George v. Kraft Foods Global, Inc.: The Seventh Circuit Court of Appeals Rocks the Boat Regarding Common Plan Fiduciary Practices

On April 11, 2011, the U.S. Court of Appeals for the Seventh Circuit issued an opinion in George v. Kraft Foods Global, Inc.¹ which calls into question common and seemingly non-controversial practices in the administration of ERISA plans. In doing so, the Court’s opinion threatens to increase the administrative burdens on ERISA plan fiduciaries, increase the costs of litigation, or both. Though the Court’s holding specifically applies to unitized stock funds (which most employer stock funds are) and fees paid to plan recordkeepers from plan assets, it may have broader impact on the level of decision-making documentation and service provider fee-shopping that plan fiduciaries will be required to do in order to avoid having to defend their actions in court.

In 2010, the U.S. District Court for the Northern District of Illinois held that the fiduciaries of Kraft Foods Global, Inc.’s (“Kraft”) Section 401(k) Plan (the “Plan”) did not breach their fiduciary duties by maintaining a unitized stock fund for employer stock, and did not breach their fiduciary duties by continuing to use Hewitt as the Plan’s recordkeeper without requesting competitive bids. The plaintiffs appealed the district court’s decision, and a panel of the Seventh Circuit reversed the district court’s holding on these two points. The panel consisted of three judges, one of whom authored a strong dissent. The Appellees filed a petition for a rehearing and, on May 13, 2011, four employee benefit industry groups filed an amicus brief in support of the Appellees’ petition. On May 26, 2011, the same three judge panel of the Seventh Circuit denied the Appellees’ petition for rehearing with no comment and with the same judge dissenting.

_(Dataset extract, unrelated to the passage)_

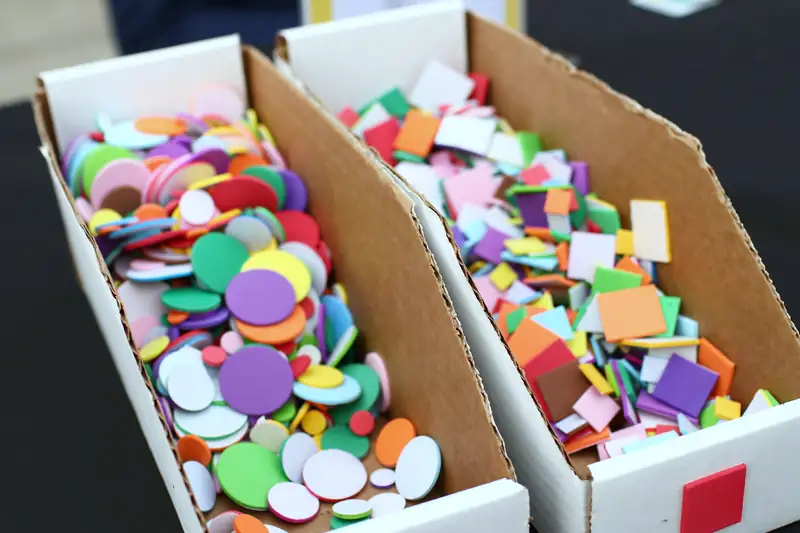 Bins of colorful foam shapes ready for building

Following the Seventh Circuit’s opinion in Kraft, it is likely that ERISA plan fiduciaries will face an increase in participant lawsuits challenging what would otherwise be considered noncontroversial elements of plan administration.

MAINTAINING UNITIZATION OF COMPANY STOCK FUNDS: Plan Fiduciaries May Need to Thoroughly Document Common Administrative and Investment Decisions, Even if the Decision is Simply to Maintain the Status Quo

In 2006, a class of current and former participants in the Kraft Plan filed an action in an Illinois district court against the Plan’s fiduciaries alleging that they breached their fiduciary duties to the Plan’s participants by, among other things, continuing to maintain the Plan’s company stock funds (which held stock of Kraft and its then-parent Altria) as “unitized funds” and by paying excessive fees to Hewitt, the Plan’s recordkeeper.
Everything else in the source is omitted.